## Work task
From the records below, transcribe exactly the lines that begin at the line with "Determine the mean" and end at the line with "b. f(t) = cost across [0, π]", both included.

## The data
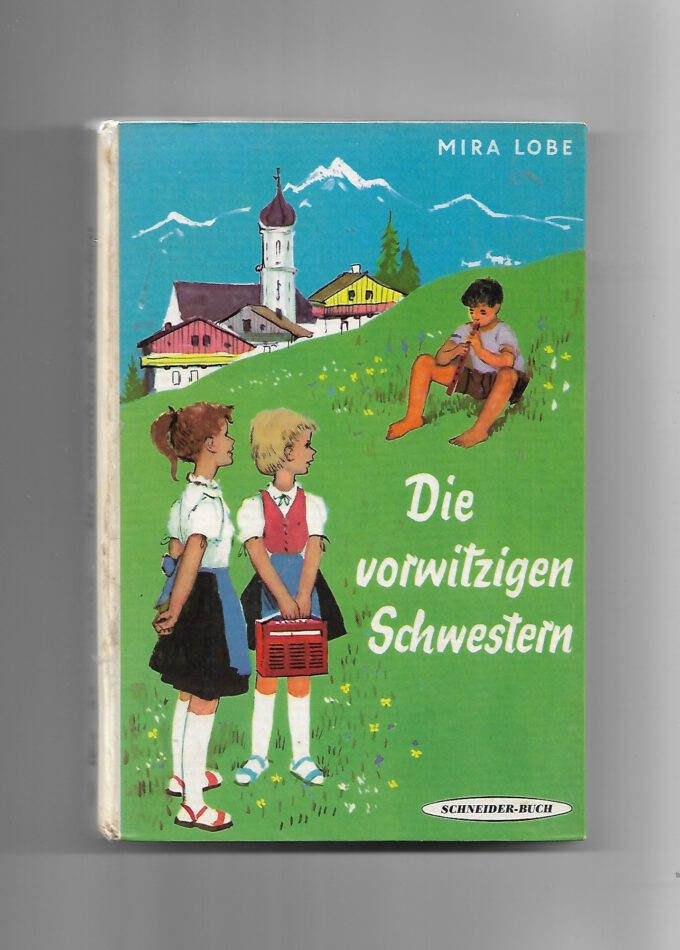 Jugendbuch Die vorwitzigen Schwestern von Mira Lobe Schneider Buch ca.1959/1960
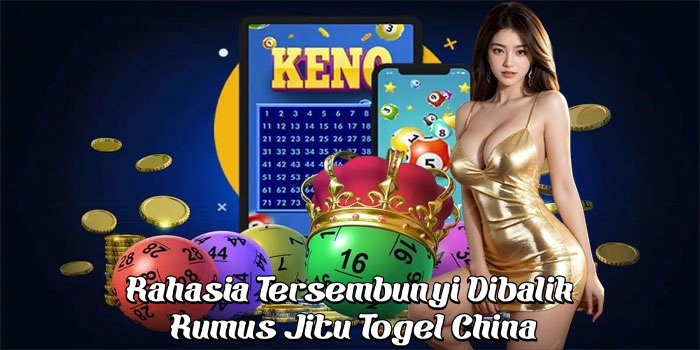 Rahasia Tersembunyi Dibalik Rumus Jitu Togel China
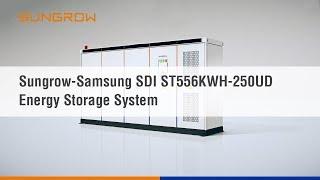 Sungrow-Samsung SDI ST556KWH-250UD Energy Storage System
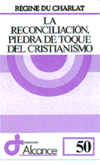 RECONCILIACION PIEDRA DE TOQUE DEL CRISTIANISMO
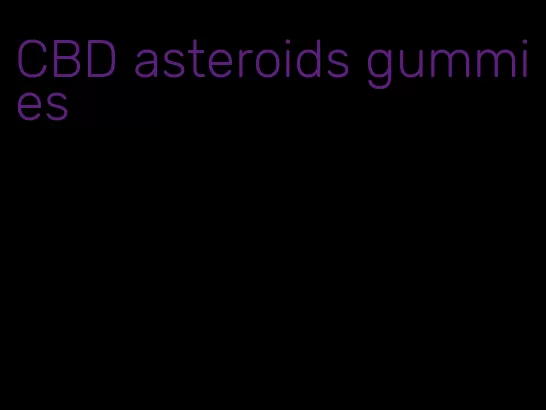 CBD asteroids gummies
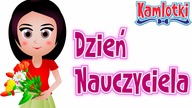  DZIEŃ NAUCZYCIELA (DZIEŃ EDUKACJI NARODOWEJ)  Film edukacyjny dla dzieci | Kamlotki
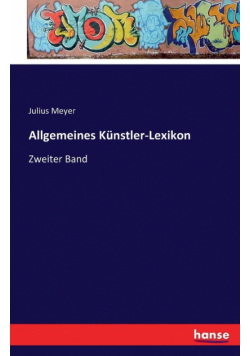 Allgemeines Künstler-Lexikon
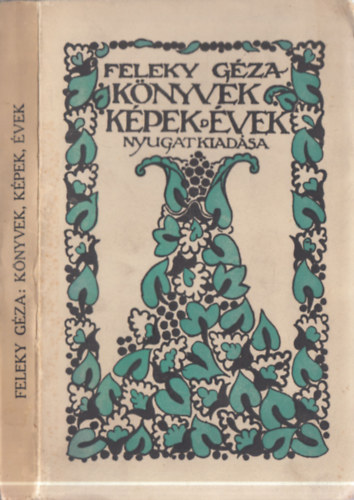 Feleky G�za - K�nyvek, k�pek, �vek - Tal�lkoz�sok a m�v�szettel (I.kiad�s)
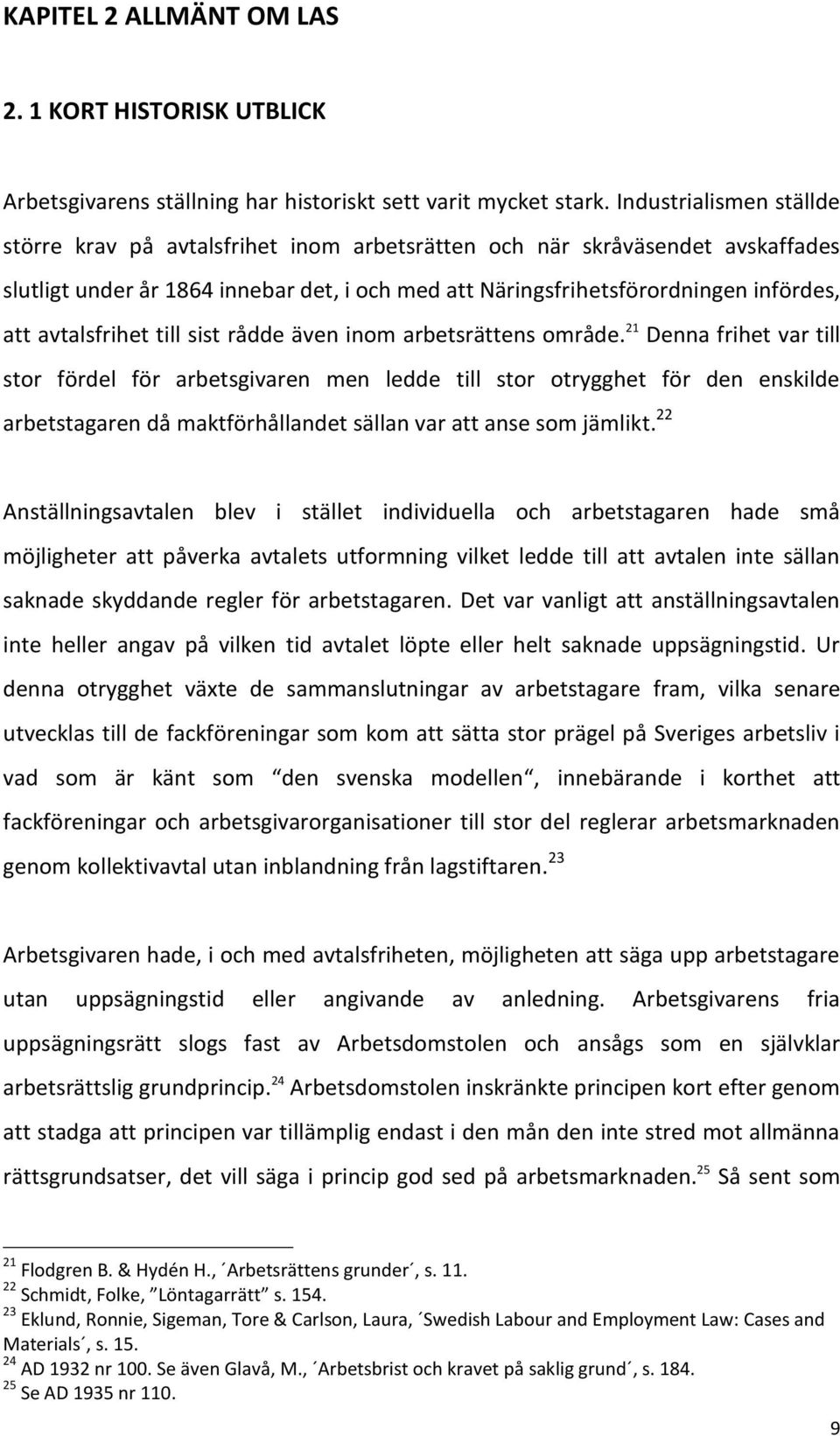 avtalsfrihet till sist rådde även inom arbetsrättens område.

...

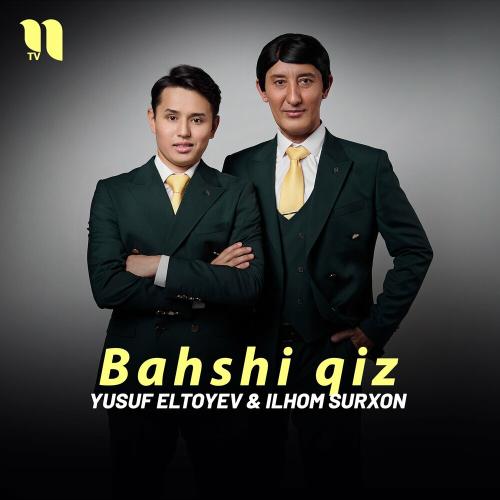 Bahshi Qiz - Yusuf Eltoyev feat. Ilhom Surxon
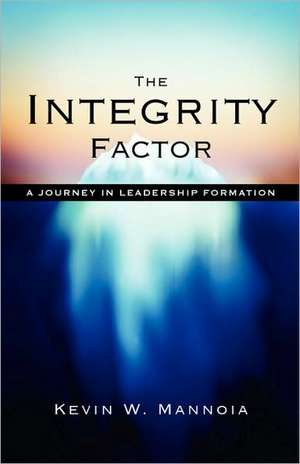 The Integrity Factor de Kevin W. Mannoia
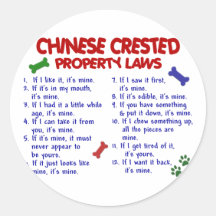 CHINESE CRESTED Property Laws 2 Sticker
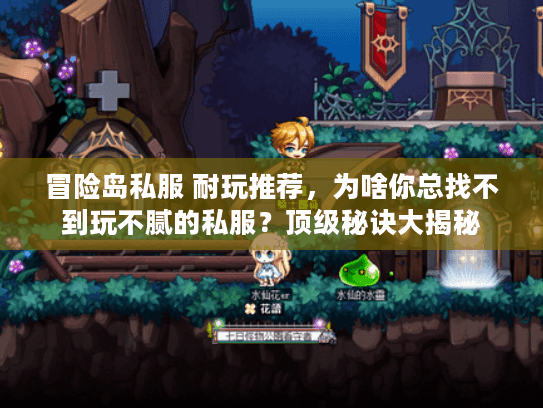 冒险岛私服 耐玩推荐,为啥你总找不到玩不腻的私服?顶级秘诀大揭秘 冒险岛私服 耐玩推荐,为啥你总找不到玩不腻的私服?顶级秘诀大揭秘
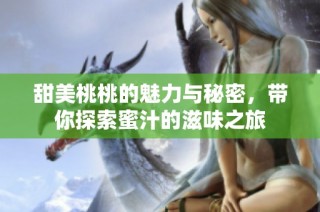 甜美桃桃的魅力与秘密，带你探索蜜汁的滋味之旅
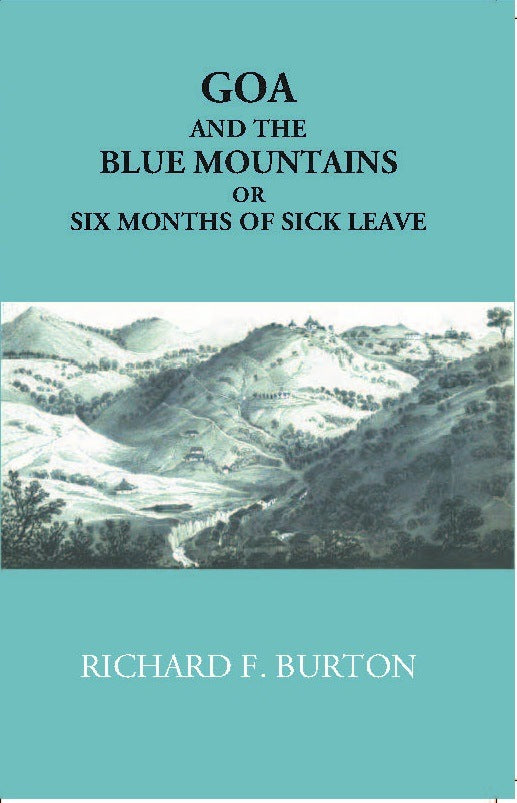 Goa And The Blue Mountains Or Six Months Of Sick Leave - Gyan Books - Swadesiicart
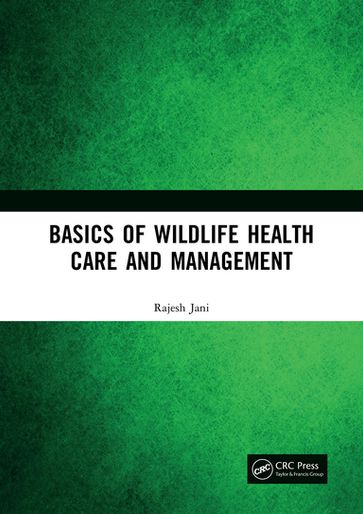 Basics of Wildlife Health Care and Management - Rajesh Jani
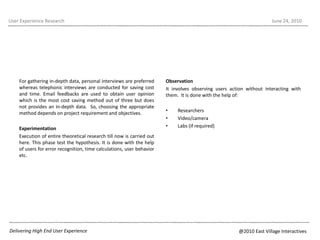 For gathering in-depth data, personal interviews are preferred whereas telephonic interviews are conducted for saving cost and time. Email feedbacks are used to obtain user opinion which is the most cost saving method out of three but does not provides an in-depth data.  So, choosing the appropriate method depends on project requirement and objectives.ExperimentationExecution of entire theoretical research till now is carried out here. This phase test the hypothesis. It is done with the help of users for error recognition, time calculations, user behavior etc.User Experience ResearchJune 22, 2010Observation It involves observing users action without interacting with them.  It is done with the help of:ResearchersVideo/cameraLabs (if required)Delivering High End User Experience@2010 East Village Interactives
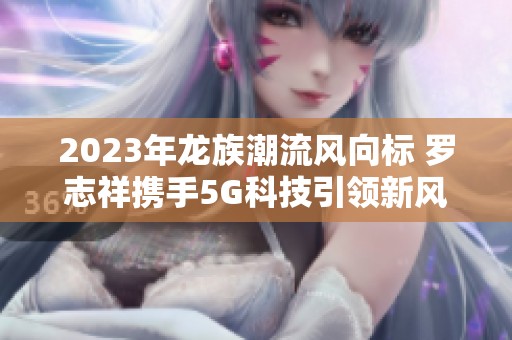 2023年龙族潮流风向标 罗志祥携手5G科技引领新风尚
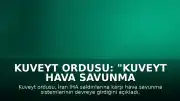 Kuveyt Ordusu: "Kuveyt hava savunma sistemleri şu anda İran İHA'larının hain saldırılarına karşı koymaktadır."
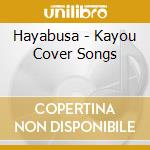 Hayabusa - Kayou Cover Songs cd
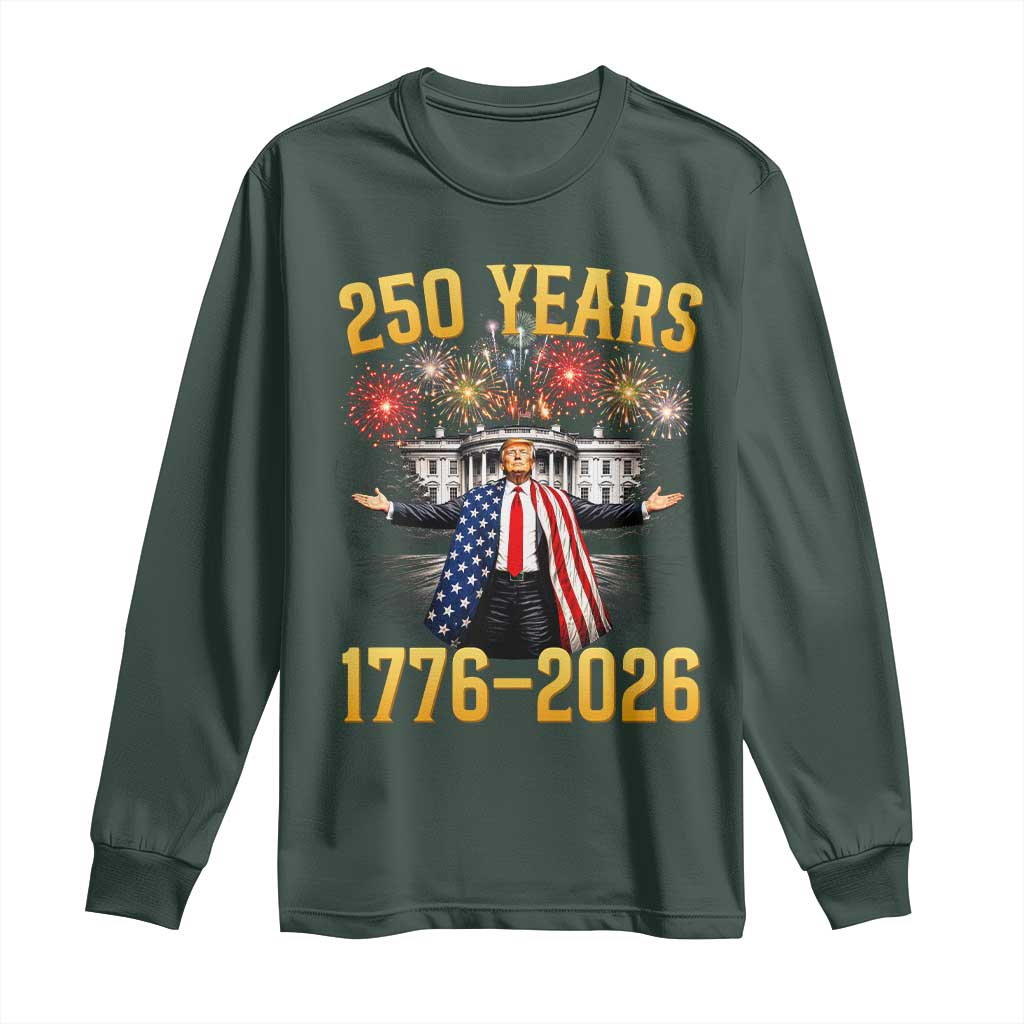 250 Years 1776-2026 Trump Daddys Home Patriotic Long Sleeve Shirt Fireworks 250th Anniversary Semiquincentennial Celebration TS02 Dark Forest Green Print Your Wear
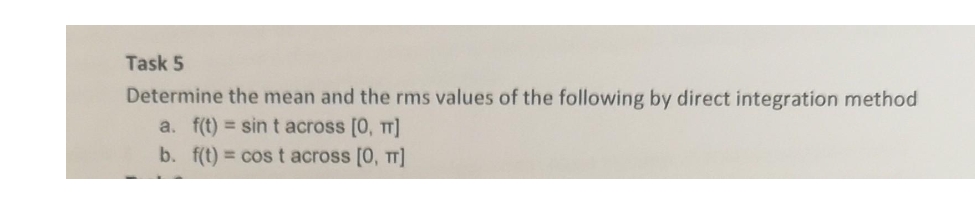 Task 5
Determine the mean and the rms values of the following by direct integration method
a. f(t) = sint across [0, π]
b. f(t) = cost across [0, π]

==

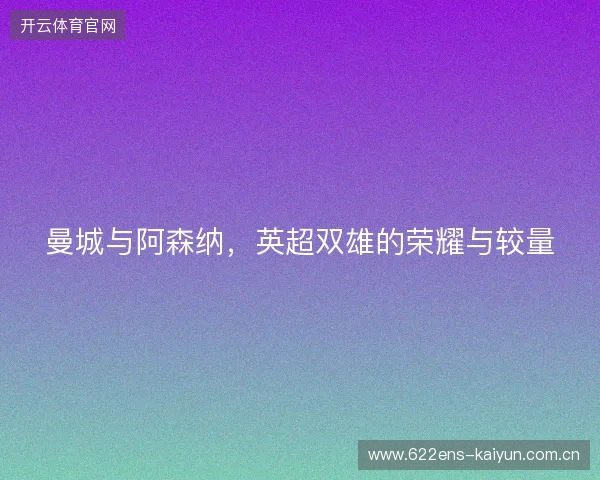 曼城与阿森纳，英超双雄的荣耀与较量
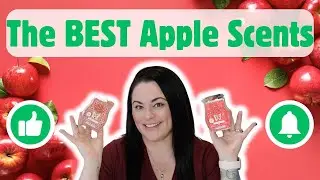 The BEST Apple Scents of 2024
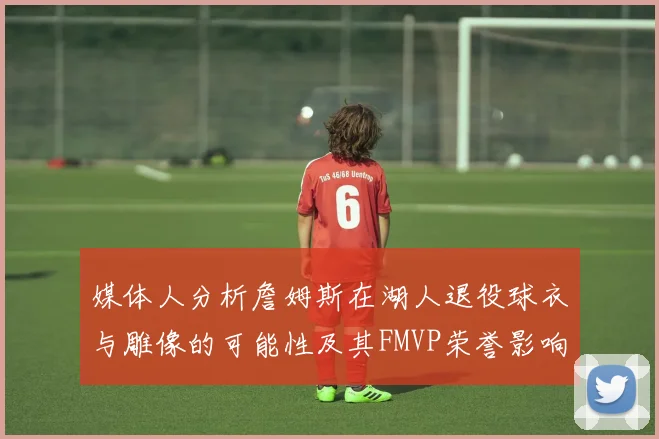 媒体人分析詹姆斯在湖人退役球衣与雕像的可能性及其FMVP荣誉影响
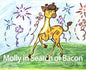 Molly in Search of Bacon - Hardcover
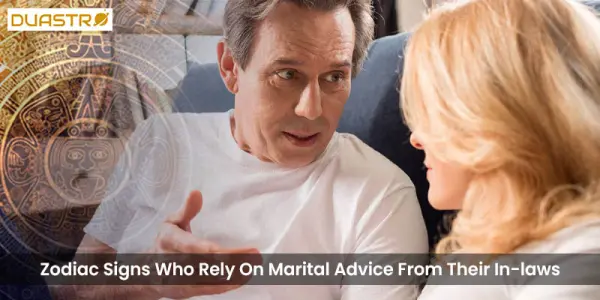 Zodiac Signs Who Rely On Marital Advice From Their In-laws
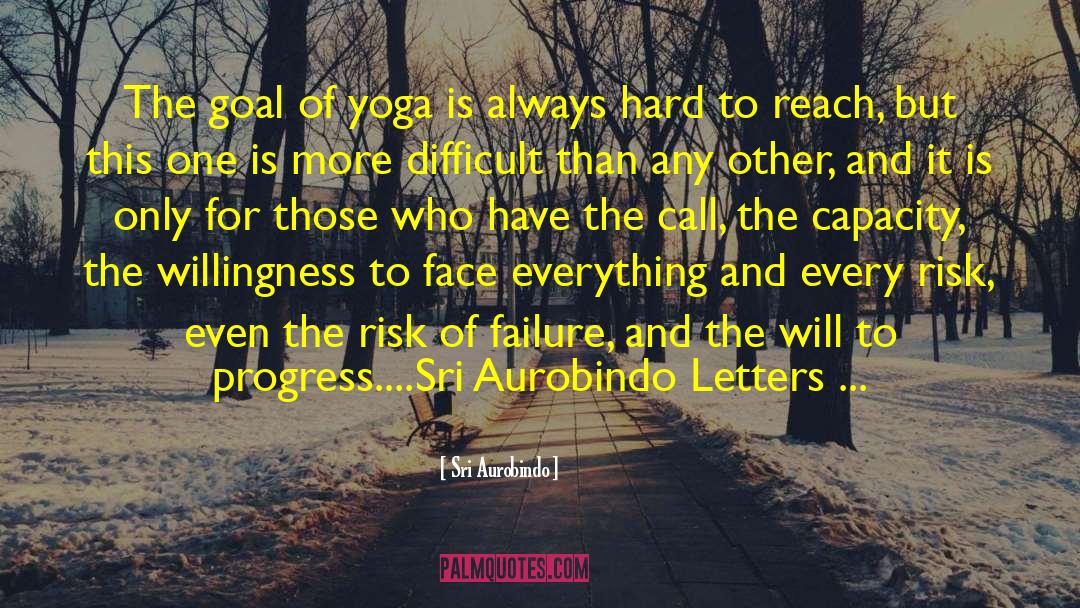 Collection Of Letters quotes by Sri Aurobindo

## Response to this task
Determine the mean and the rms values of the following by direct integration method
a. f(t) = sint across [0, π]
b. f(t) = cost across [0, π]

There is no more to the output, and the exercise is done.